Everybody seems to be an “influencer” these days. I read where an 8-year-old was an influencer. Influencer to do whom? It can’t be true that an 8-year-old infuencer recommended a certain facial cream to other 8 year-old-old’s so their skin won’t start wrinkling at 12.
This was what I read in a large metropolitan newspaper. I presume these are 8-year-old girls, but one never knows these days when other 8-year-old influencers might be discussing sex changes on something called Tik Tok.
All I know is that when I was 8, I wanted to look and play baseball like Mickey Mantle and box like Sugar Ray Robinson and did my best to imitate them.
What’s going on today is confusing. I don’t know whether I’m coming or going as far as information or news or entertainment anymore because it seems everybody is an influencer on internet platforms, or they have a podcast. I watch the news and almost every so-called expert or pundit when it comes to politics, fashion, sports, religion, hygiene, health, beauty, cosmetology, finance, movies, military strategy, celebrity, sex, love, gossip, etc, has a podcast.
I have hobbling, geriatric old friends from down south whom I once played basketball with and have half a brain left, who have podcasts. Evidently it’s pretty simple to set up a podcast if you’re technically capable and have an agenda and perhaps plenty of money.
Some of these big time pod-casters repeat the same canned nonsense on TV cable news that they do on their podcasts. There is only so much one can say on any podcast or news agency about any subject. Once in a while, though, some pod-caster or influencer will rock the boat by uttering such outrageous crackpot bullshit that soon they have half a million followers going apeshit over their bullshit, which proves once again how utterly stupid and uninformed and bored and intellectually lazy and incurious most Americans are.
I heard somewhere that most Gen Z goofs can’t spell or write a proper sentence, have no idea there are three branches of government, couldn’t find Ecuador on a map without a cell phone, don’t care about getting laid or getting drunk and cozy in a bar, but at least want to save the world and halt stupid wars and be kind to each other.
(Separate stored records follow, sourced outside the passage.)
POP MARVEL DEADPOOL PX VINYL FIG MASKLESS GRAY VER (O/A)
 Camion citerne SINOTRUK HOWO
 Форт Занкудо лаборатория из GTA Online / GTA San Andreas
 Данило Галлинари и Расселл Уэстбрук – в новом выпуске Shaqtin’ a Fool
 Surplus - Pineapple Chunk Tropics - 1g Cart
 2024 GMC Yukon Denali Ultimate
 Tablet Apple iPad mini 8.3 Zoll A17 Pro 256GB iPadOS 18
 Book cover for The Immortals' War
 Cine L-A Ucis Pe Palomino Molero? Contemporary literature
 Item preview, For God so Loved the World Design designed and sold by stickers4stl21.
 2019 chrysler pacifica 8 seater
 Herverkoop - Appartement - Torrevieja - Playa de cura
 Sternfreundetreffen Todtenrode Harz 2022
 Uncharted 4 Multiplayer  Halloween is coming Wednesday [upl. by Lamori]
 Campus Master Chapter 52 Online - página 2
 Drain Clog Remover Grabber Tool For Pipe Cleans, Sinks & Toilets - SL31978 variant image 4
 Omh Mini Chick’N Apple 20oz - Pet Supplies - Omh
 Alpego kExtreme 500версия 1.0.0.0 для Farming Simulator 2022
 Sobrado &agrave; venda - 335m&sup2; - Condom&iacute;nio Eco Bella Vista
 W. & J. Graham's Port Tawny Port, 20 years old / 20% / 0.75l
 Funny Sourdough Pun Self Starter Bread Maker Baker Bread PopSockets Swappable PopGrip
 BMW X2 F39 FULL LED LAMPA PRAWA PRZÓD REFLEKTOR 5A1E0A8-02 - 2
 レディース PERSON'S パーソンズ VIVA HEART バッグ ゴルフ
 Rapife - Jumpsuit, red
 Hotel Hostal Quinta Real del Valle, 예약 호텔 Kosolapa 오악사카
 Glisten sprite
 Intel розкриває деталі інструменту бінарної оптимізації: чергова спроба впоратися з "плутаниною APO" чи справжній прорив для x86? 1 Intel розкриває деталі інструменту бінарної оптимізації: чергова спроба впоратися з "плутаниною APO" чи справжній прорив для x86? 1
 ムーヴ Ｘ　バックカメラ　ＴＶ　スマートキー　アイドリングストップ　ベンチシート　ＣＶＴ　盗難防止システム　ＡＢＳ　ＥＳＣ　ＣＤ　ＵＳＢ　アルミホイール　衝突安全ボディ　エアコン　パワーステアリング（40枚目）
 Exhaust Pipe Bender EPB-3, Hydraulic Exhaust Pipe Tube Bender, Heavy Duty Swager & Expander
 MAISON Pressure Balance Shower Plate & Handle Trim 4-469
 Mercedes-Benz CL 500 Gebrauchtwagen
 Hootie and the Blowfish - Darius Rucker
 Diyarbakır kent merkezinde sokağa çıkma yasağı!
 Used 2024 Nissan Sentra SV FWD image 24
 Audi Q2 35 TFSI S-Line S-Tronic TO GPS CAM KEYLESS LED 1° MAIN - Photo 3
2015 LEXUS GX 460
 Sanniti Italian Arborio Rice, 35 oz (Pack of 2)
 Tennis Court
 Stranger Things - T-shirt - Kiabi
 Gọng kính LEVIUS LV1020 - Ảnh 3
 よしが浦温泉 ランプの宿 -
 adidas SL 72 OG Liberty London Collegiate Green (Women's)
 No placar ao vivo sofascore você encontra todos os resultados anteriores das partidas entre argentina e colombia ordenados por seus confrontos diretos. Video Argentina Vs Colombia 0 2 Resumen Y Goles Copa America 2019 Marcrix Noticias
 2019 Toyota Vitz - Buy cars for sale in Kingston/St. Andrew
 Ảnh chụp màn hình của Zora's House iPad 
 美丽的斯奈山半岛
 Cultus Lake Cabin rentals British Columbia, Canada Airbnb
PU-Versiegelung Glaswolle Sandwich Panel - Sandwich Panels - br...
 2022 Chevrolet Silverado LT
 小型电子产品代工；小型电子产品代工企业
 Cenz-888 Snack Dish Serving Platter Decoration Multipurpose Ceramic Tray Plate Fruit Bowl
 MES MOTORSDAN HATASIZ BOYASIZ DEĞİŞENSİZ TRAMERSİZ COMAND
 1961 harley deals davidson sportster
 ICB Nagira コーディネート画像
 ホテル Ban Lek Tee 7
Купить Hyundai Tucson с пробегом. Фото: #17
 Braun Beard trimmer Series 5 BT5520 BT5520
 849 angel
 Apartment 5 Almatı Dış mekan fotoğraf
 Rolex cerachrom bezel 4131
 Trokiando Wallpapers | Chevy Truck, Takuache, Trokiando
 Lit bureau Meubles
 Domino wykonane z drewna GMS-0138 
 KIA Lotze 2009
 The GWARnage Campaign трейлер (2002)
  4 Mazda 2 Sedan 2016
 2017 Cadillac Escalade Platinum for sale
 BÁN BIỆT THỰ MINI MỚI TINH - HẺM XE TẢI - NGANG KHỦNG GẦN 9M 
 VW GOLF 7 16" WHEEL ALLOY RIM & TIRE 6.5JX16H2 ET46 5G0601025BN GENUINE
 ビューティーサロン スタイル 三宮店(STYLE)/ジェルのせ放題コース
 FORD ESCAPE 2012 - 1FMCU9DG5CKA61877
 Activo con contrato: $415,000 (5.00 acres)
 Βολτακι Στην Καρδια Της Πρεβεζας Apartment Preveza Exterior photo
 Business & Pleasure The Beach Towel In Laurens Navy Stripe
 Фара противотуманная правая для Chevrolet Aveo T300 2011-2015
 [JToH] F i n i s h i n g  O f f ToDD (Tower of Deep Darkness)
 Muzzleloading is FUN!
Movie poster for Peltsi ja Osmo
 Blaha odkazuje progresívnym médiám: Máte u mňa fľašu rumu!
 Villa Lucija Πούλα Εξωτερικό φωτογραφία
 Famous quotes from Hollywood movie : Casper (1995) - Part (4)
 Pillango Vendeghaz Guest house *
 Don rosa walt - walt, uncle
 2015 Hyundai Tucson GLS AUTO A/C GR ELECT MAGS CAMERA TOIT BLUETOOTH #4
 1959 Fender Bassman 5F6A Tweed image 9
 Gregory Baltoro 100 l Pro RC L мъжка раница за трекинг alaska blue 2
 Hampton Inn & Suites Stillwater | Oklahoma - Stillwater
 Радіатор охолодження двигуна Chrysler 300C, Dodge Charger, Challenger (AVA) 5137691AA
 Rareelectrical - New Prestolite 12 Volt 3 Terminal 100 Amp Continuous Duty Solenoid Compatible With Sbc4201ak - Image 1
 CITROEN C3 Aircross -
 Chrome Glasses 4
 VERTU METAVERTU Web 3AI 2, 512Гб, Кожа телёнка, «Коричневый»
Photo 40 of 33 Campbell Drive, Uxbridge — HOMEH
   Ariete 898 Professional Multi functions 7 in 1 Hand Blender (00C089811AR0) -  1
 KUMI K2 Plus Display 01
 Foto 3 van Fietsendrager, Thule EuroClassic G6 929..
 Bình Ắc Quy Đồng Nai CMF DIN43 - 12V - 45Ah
I keep nagging my friend, Big Malcolm, to join me in a local podcast. Big M can recite history going back thousands of years, is astute politically, has a photographic mind for names, places and sports statistics, and can edit me as I sound off with too much bullshit as an opinionated person full of cynicism and mockery of the human race.
Big Malcolm is always calm while I can be excitable and profane. Big Malcolm refrains from profanity, though I have noticed that more and more pod-casters use the F-world savagely while expounding in outrage over pansy woke liberals.
One famous pod-caster, Joe Rogan, a tough and tough-looking guy with a deep voice and tattoos and big biceps and a shaved head and millions of followers reportedly is responsible for getting Donald Trump elected president by having him on his podcast. Evidently, Rogan’s podcast influenced all the tough white guys who follow Rogan to vote for Trump.
It seems to me that there are more podcasters out there like Rogan–and other tough guys Steve Bannon and Tucker Carlson–than there are pussycat libs hiding in the bushes.
I figure Big Malcolm and I can sling some vicious bullshit out there if we get the podcast I’ve been bugging him about starting for years now. Every time I mention it to him in Schooner’s Wharf over beers, he acts like a big scared chicken, probably because he fears I’ll hog all the attention and make him look bad by association with a crank, which I’m not.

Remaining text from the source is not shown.